- Point Barrow Location within the state of Alaska
- Coordinates: 71°23′20″N 156°28′45″W﻿ / ﻿71.38889°N 156.47917°W
- Country: United States
- State: Alaska
- Borough: North Slope
- Time zone: UTC-9 (Alaska (AKST))
- • Summer (DST): UTC-8 (AKDT)

= Operation Breakthrough =

1988 US–Soviet gray whale rescue in northern Alaska

Operation Breakthrough was a US-Soviet effort to free three gray whales from pack ice in the Beaufort Sea near Point Barrow in the U.S. state of Alaska in 1988. The whales' plight generated media attention that led to the collaboration of multiple governments and organizations to free them. The youngest whale died during the effort and it is unknown if the remaining two whales ultimately survived.

==Rescue effort==

On October 7, 1988, Inupiaq hunter Roy Ahmaogak discovered three gray whales trapped in pack ice in the Beaufort Sea near Point Barrow in the U.S. state of Alaska. The hunter used a chainsaw to attempt cutting a path in the ice leading to open water. Fellow villagers helped the hunter by using water pumps to keep ice from reforming overnight. Word spread through the Inupiat community about the whales, and biologists from North Slope Borough, Alaska, visited the site and realized the danger. A Sikorsky S-64 Skycrane heavylift helicopter was tasked to create holes in the ice using a 5-ton hammer.

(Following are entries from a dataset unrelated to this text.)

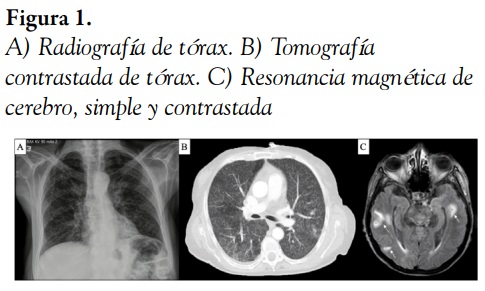 A) Radiografía de tórax. B) Tomografía contrastada de tórax. C) Resonancia magnética de cerebro, simple y contrastada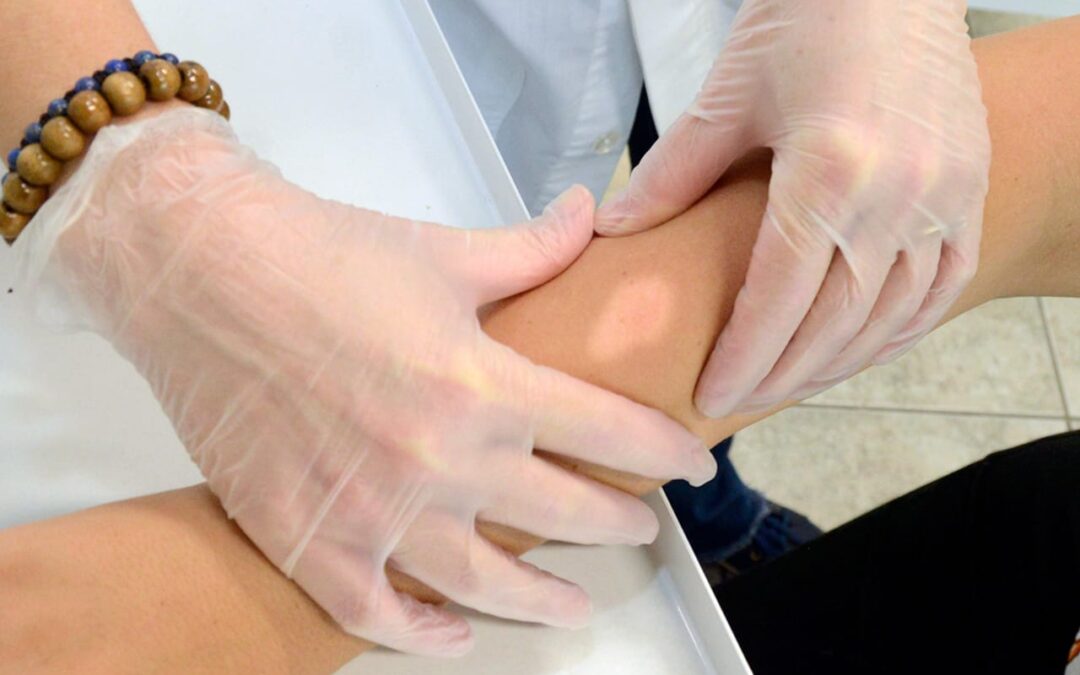 ES CURABLE LA LEPRA CON TRATAMIENTO COMPLETO, EN COLIMA SE BRINDA ATENCIÓN A ESTA ENFERMEDAD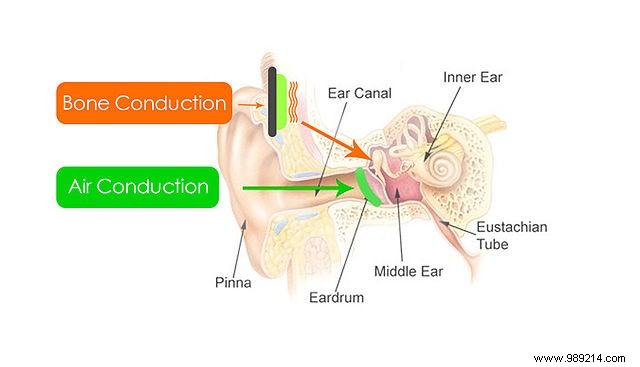 Bone Conduction Technology: How It Works and Real-World Applications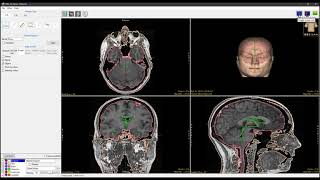 Analyze 14.0 - Measure: 3D Selected Object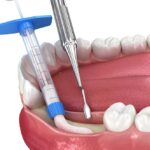 bone grafting to restore bone level before dental implant
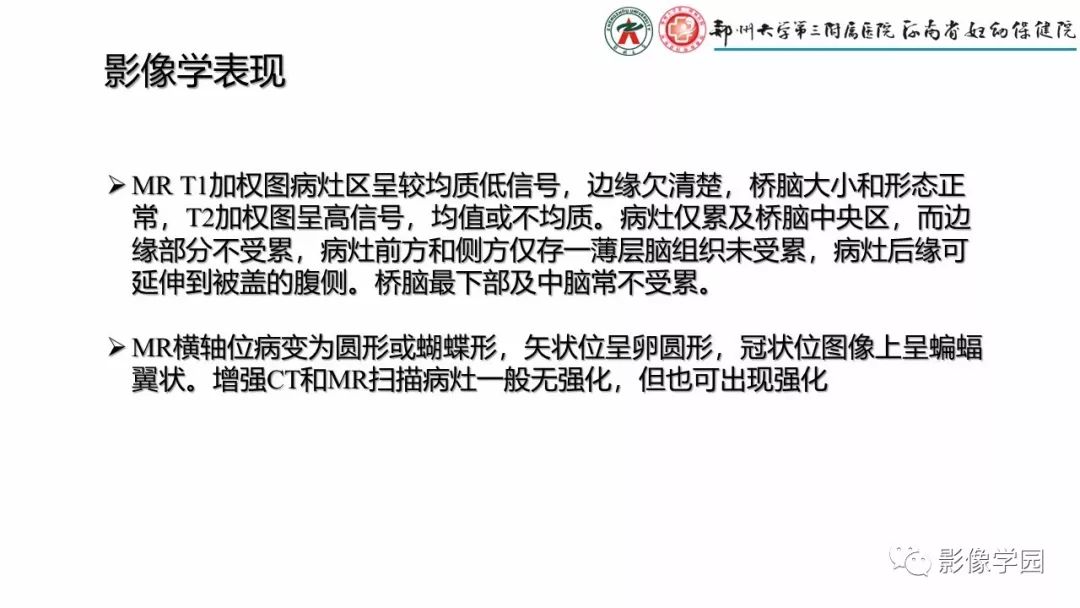 【PPT】脑干病变的影像学表现-26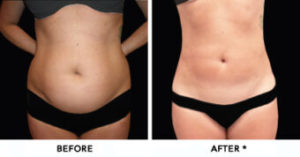 Safe Sculpt Before & After Image | Rejuvenation Center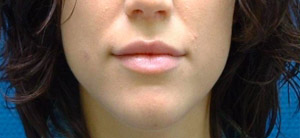 After lip shape correction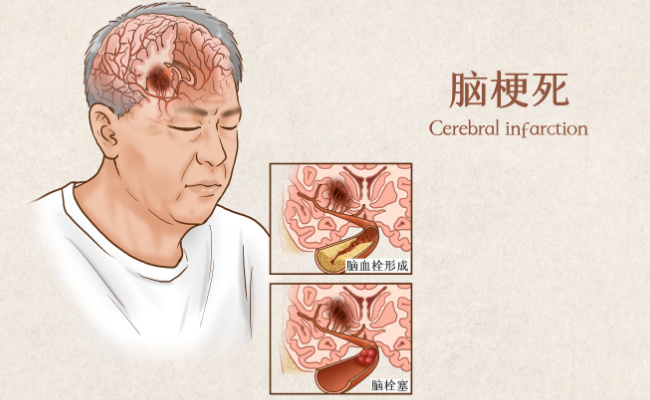 脑供血不足不宜吃什么食物  脑供血不足有什么症状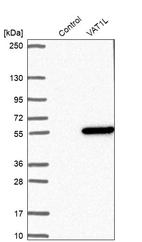 Western blot analysis in control (vector only transfected HEK293T lysate) and VAT1L over-expression lysate (Co-expressed with a C-terminal myc-DDK tag (~3.1 kDa) in mammalian HEK293T cells, LY412225).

The first news story about the trapped whales was in Anchorage a week later. Rescuers tried to borrow a barge from Prudhoe Bay, to break the ice and clear a path, but the barge was locked in. The whales' plight gained more attention from the media as journalists called North Slope Borough and flew to the site. The National Oceanic and Atmospheric Administration sent a team of whale biologists, and the United States Department of State requested the help of two icebreakers from the Soviet Union who immediately responded to aid the rescue, the Vladimir Arseniev and the Admiral Makarov. When the whales attempted to take the exit path, a swarm of journalists caused them to swim back. Jagged ice from the rescue effort also cut the whales, bloodying the water. While the whales remained in their initial area, they were given Inuit names Putu, Siku, and Kanik and English names Bonnet, Crossbeak, and Bone, respectively. The youngest whale (Kanik), nine months old, died on October 21. On October 28, the Soviet Admiral Makarov broke apart a ridge of Arctic ice that was 400 yard wide and 30 ft high. The Vladimir Arseniev cleared the icy rubble to create a large enough path for the remaining two whales to theoretically escape.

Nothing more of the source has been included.